**YOUR OBJECTIVE**
Every line of the data below must be output exactly, with images left out.

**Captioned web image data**
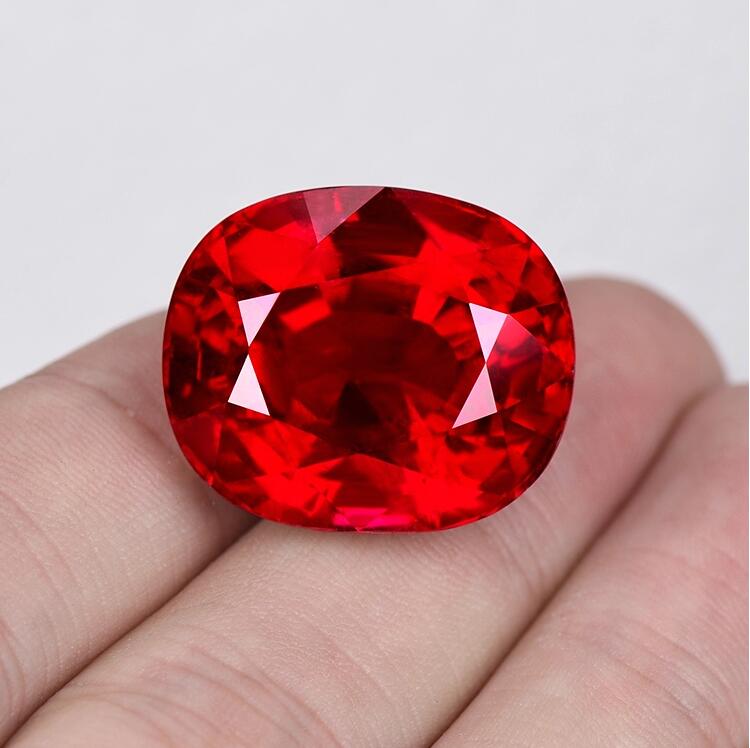 鴿血紅碧璽裸石戒面，如何選購(gòu)鴿血紅碧璽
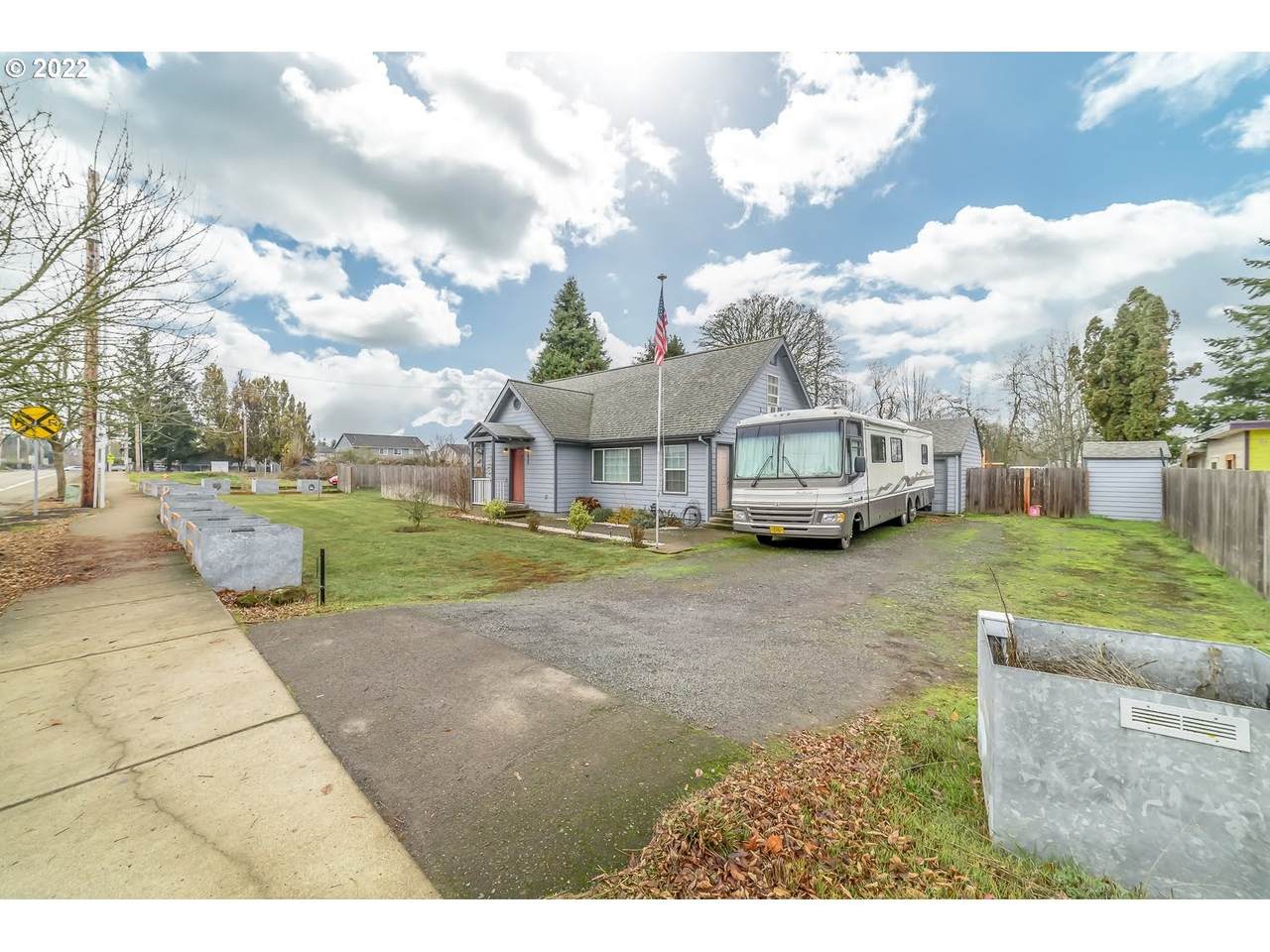 650 42ND St - Photo 1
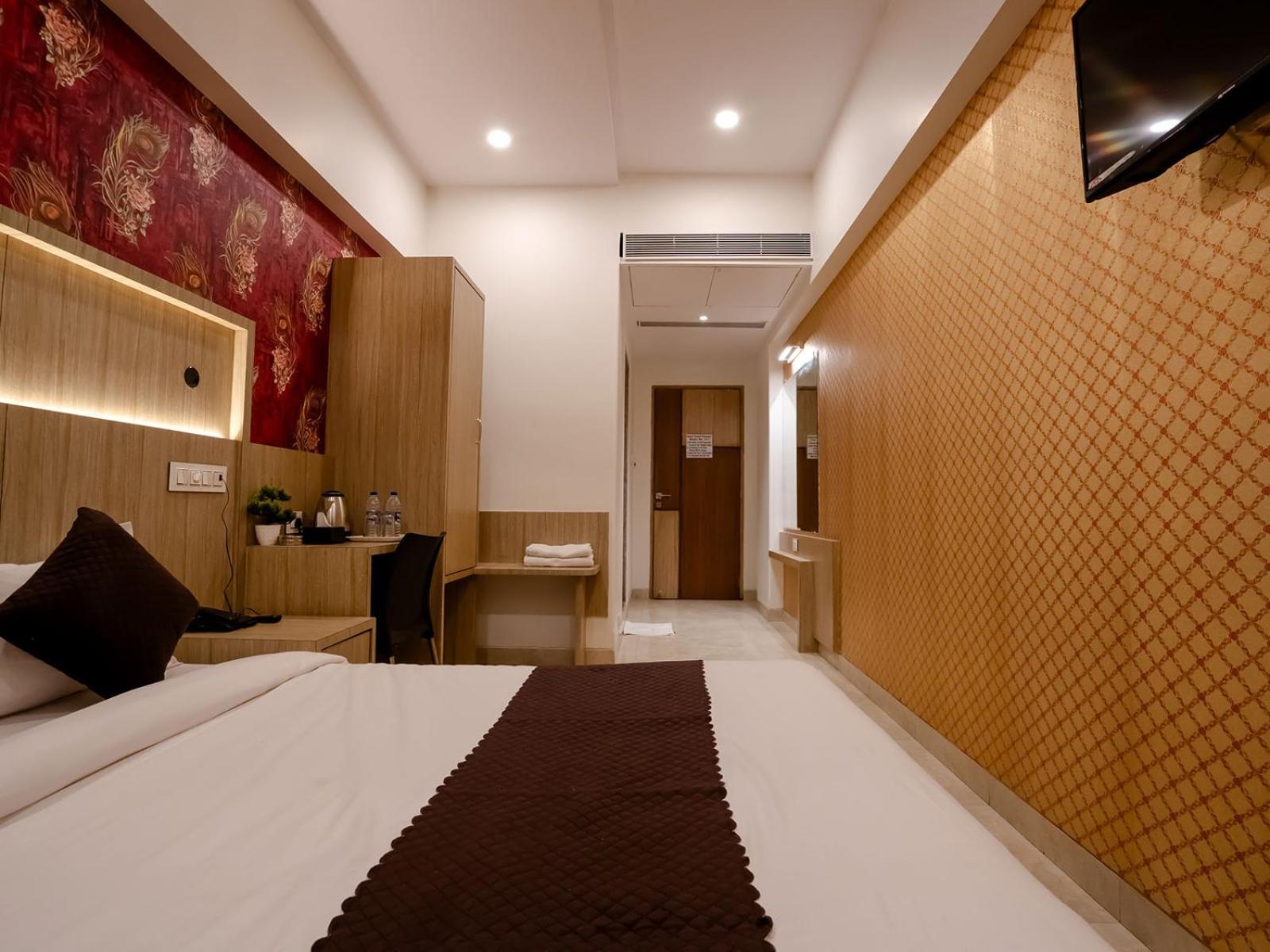 Hotel Grand Seasons- นาวีมุมไบ ภายนอก รูปภาพ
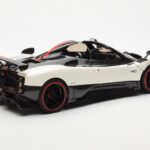 Pagani Zonda Cinque Roadster Бял Benny Almost Real 1:18 - image 3 of 8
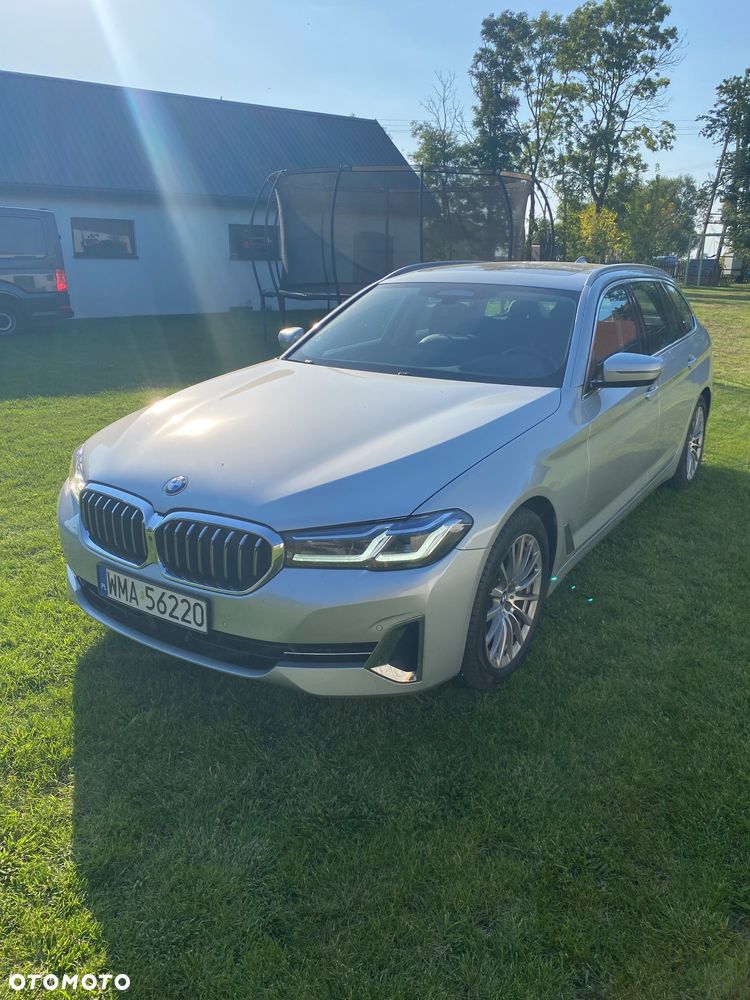 BMW Seria 5 530d Touring Luxury Line - 2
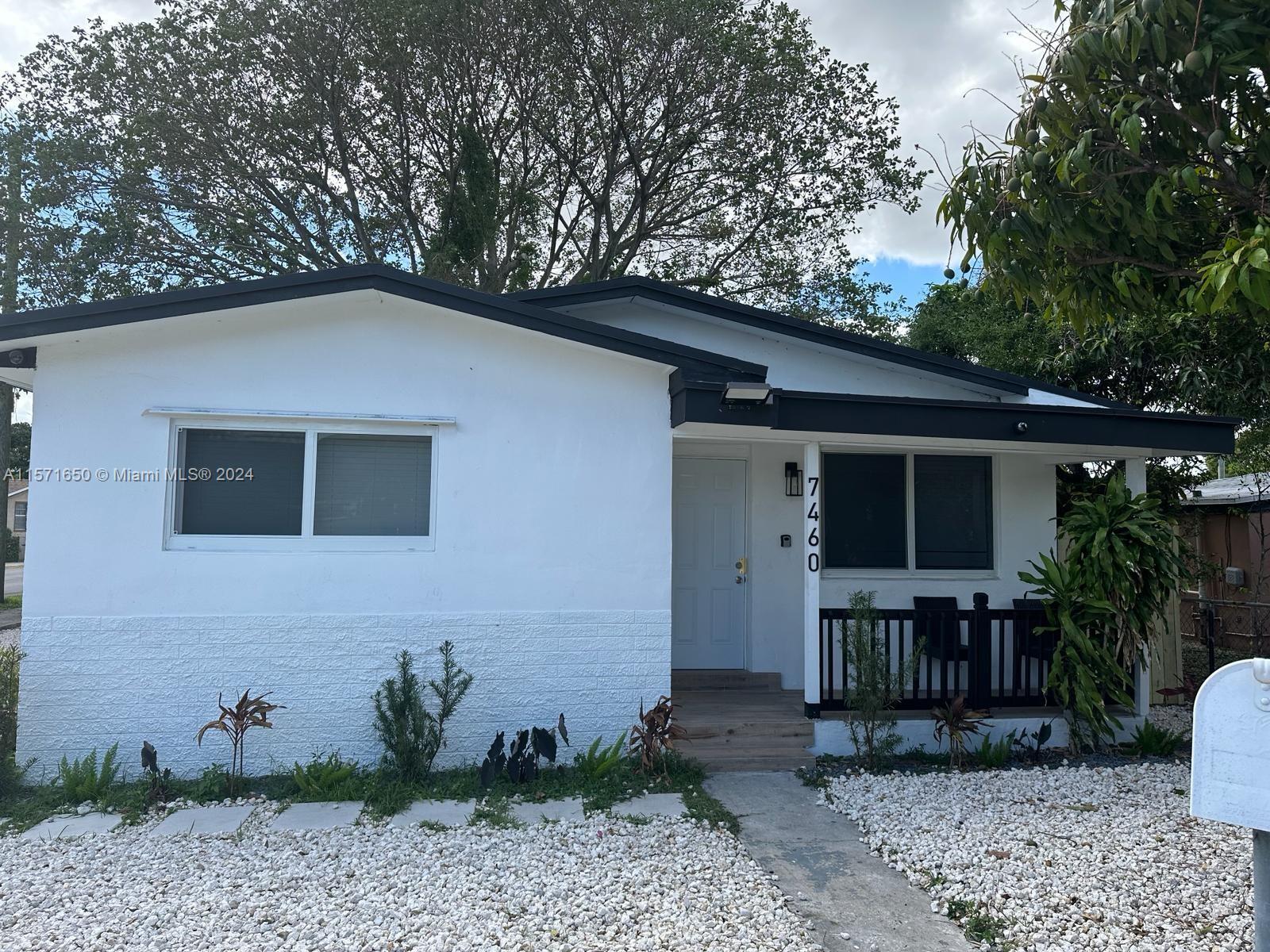 Picture of 7460 NW 17Th Ave, Miami, FL 33147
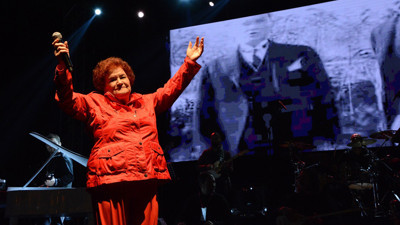 Atatürk’ü anlatan 'Sarı saçlım mavi gözlüm' türküsü politik bulundu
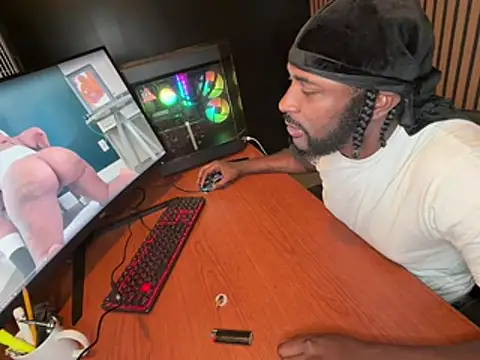 CUM4SACRED357 webcam show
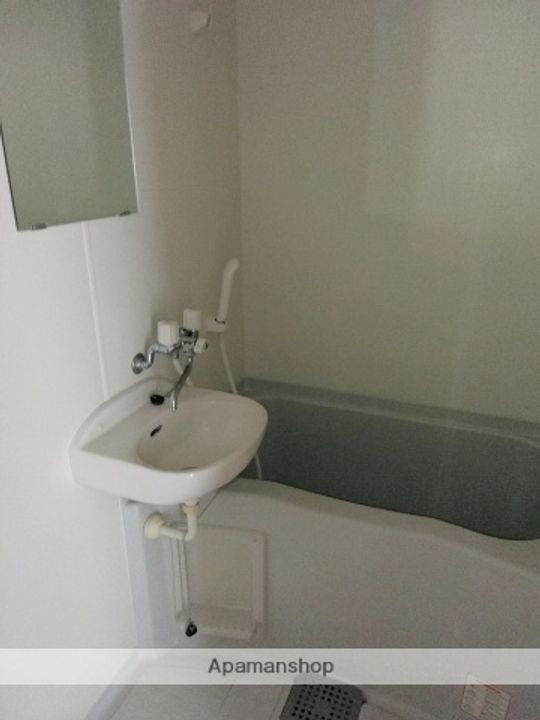 ヴィタリテ上冨居108の風呂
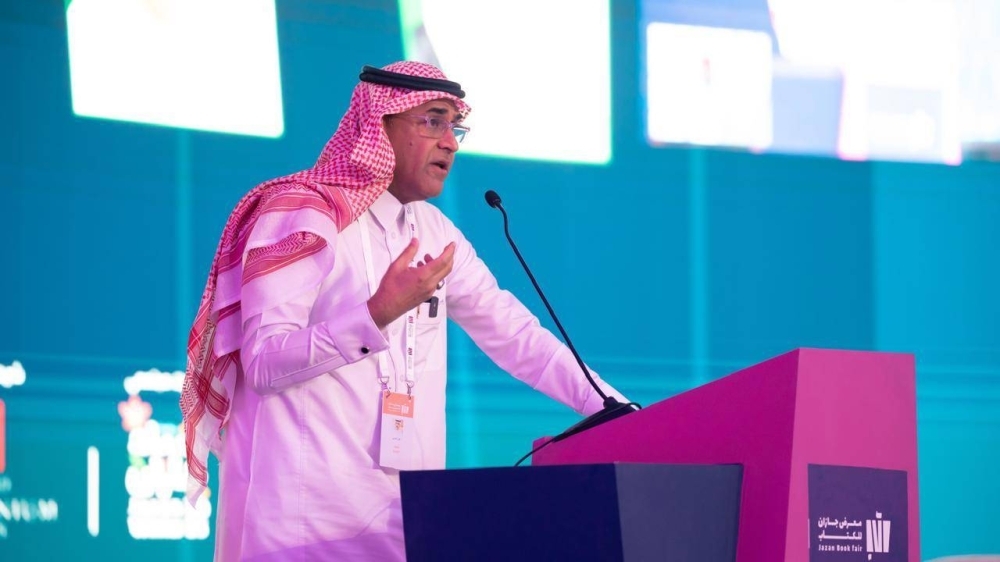 جلسات حوارية وضيوف متخصصون ينثرون إبداعاتهم في معرض جازان للكتاب 2025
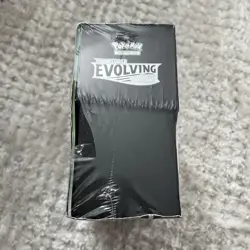 Pokemon TCG Sword and Shield Evolving Skies Elite Trainer Box ETB Sealed *Tear - Image 4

**YOUR SOLUTION**
 鴿血紅碧璽裸石戒面，如何選購(gòu)鴿血紅碧璽
 650 42ND St - Photo 1
 Hotel Grand Seasons- นาวีมุมไบ ภายนอก รูปภาพ
 Pagani Zonda Cinque Roadster Бял Benny Almost Real 1:18 - image 3 of 8
 BMW Seria 5 530d Touring Luxury Line - 2
 Picture of 7460 NW 17Th Ave, Miami, FL 33147
 Atatürk’ü anlatan 'Sarı saçlım mavi gözlüm' türküsü politik bulundu
 CUM4SACRED357 webcam show
 ヴィタリテ上冨居108の風呂
 جلسات حوارية وضيوف متخصصون ينثرون إبداعاتهم في معرض جازان للكتاب 2025
 Pokemon TCG Sword and Shield Evolving Skies Elite Trainer Box ETB Sealed *Tear - Image 4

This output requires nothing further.